With the emergence of new approved treatments and increased public awareness, restless legs syndrome (RLS) is recognized to be the most common sleep related movement disorder. RLS affects up to 7% of all people; women are more often affected than men and Asian populations seem to have a particularly high risk of HFS.
Diagnosis
The diagnosis of RLS is entirely based on the symptoms that the patient reports. The International Restless Legs Syndrome Study Group committee defined RLS as:
- A desire to move the limbs, often associated with unpleasant sensations
- Worsening of symptoms at physical and mental rest
- Complete or partial relief with movement
- Worsening of symptoms in the evening or night. Some patients, however, may lose the diurnal pattern so that their RLS may not necessarily worsen at night.
- The symptoms are not accounted for by another medical or behavioral condition.
The sensations that people feel are always unpleasant but not necessarily painful. The most common descriptions used include such words as "need to move," "crawling," "tingling," "restless," "cramping," "creeping," "pulling," "painful," "electric," "tension," "discomfort" and "itching." These sensations are usually deep in the limbs and can be improved by voluntary movement and hot bath. Patients often get up to walk around in an attempt to relieve the irresistible discomfort. Despite the name, restless legs syndrome, these sensations may also be felt in the arms, although the legs are almost always more severely affected; the face and torso are rarely, if ever, involved. Since the sensations are worse at night, patients often have great difficulty falling asleep. This sleep deprivation can lead to a variety of other problems including memory problems and depression and even contribute to other medical problems such as hypertension.

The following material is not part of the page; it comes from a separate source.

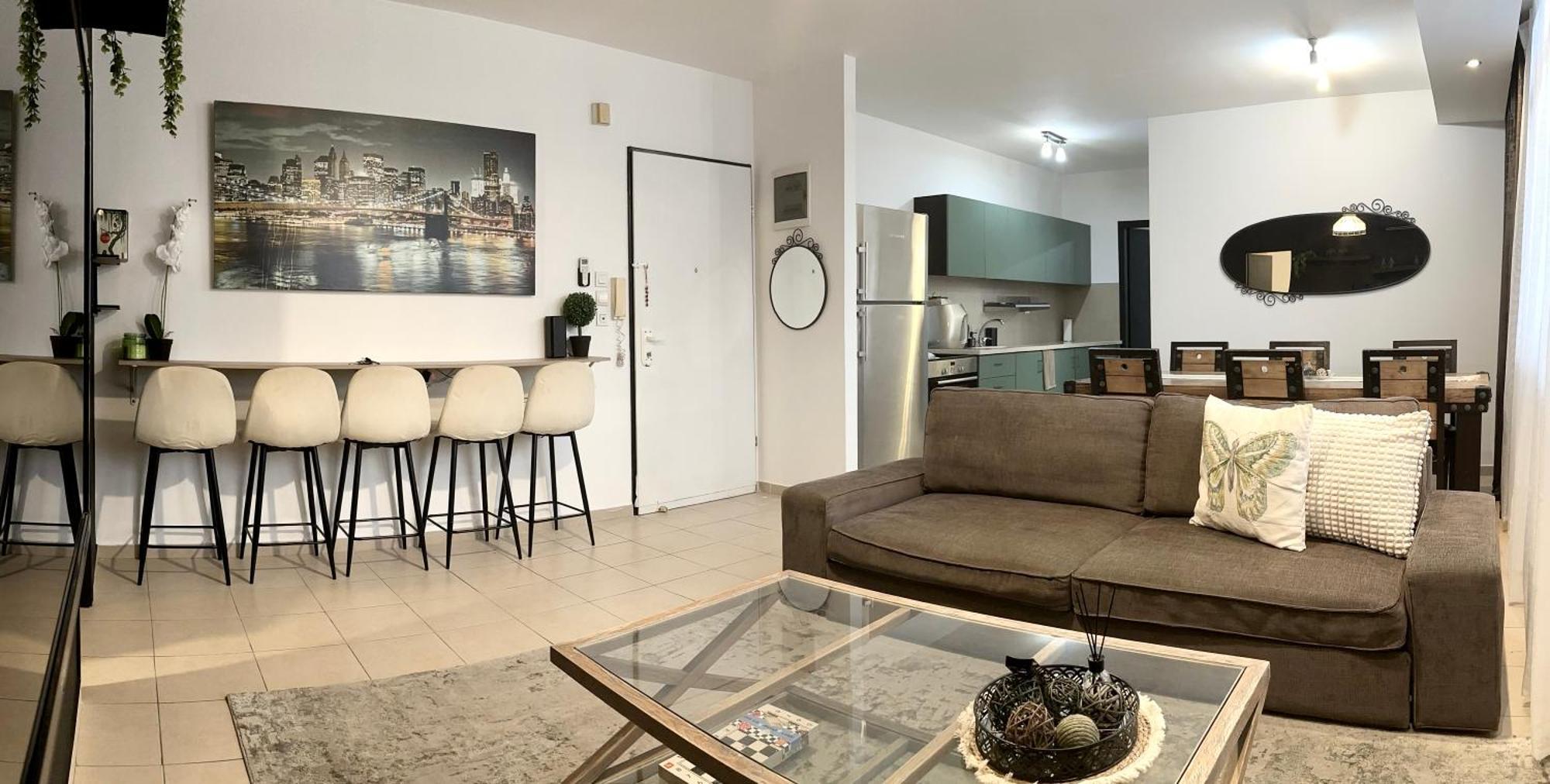 Stylish Tel Aviv Apartment Exterior photo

Another feature that many patients with RLS have is called periodic limb movements of sleep (PLMS). These are rhythmic kick-like movements of the legs while patients are asleep. They can also occur when patients are drowsy but not yet asleep. This is often more of a problem for the bed partner, who may get kicked by the patient, who is often unaware of these sleep-related movements.
RLS patients often do not see a physician until mid to later life but many actually report subtle symptoms dating from much earlier in their life. These symptoms typically worsen over time. The onset of mild symptoms during childhood or even infancy is not rare. Children, however, often do not report all the classical symptoms, and may just have irritability and difficulty concentrating. Because they complain of discomfort the RLS symptoms in children are often wrongly attributed to “growing pains”. Some physicians feel that attention deficit hyperactivity disorder may actually be a form of RLS in certain cases, but this relationship has not yet been clarified. RLS appears in all ethnic backgrounds and nationalities, although people of European descent (Caucasian) seem most likely to have RLS.
There are no diagnostic tests available for RLS, and the diagnosis of RLS remains a clinical one. The restless leg movements and PLMS may be confirmed by a sleep study (“polysomnography”). There are tests that can identify some of the diseases that can increase the risk of RLS, so-called “secondary RLS” (see below). Iron deficiency should be excluded and tests for peripheral neuropathy, such as an electrical test called "nerve conduction study" (NCS) and "electromyography" (EMG), may be warranted.
Cause
The exact cause of RLS is not known but is believed to be secondary to iron deficit in the brain. The diagnosis of RLS is divided into a primary type and a secondary or symptomatic type. Patients with primary RLS have no other medical condition that causes their symptoms. In many cases of primary RLS, up to 75% have a family history, suggesting genetic etiology. Often patients do not know that other family members suffer from the same condition because the relatives usually do not share the information about their RLS symptoms with their relatives or even their physicians and, hence, have never been diagnosed with RLS. Most researchers believe that RLS is inherited in an autosomal dominant pattern, which means that if someone has primary (genetic) RLS, then each of their children has a 50 percent chance of inheriting the gene and possibly developing the symptoms. Current research has identified at least six genes that may be involved in RLS and more RLS-related genetic abnormalities are expected to be identified in the near future. Based on some animal models developed by scientists at Baylor College of Medicine, the lower part of the brain (brainstem) has been implicated in the pathophysiology of RLS.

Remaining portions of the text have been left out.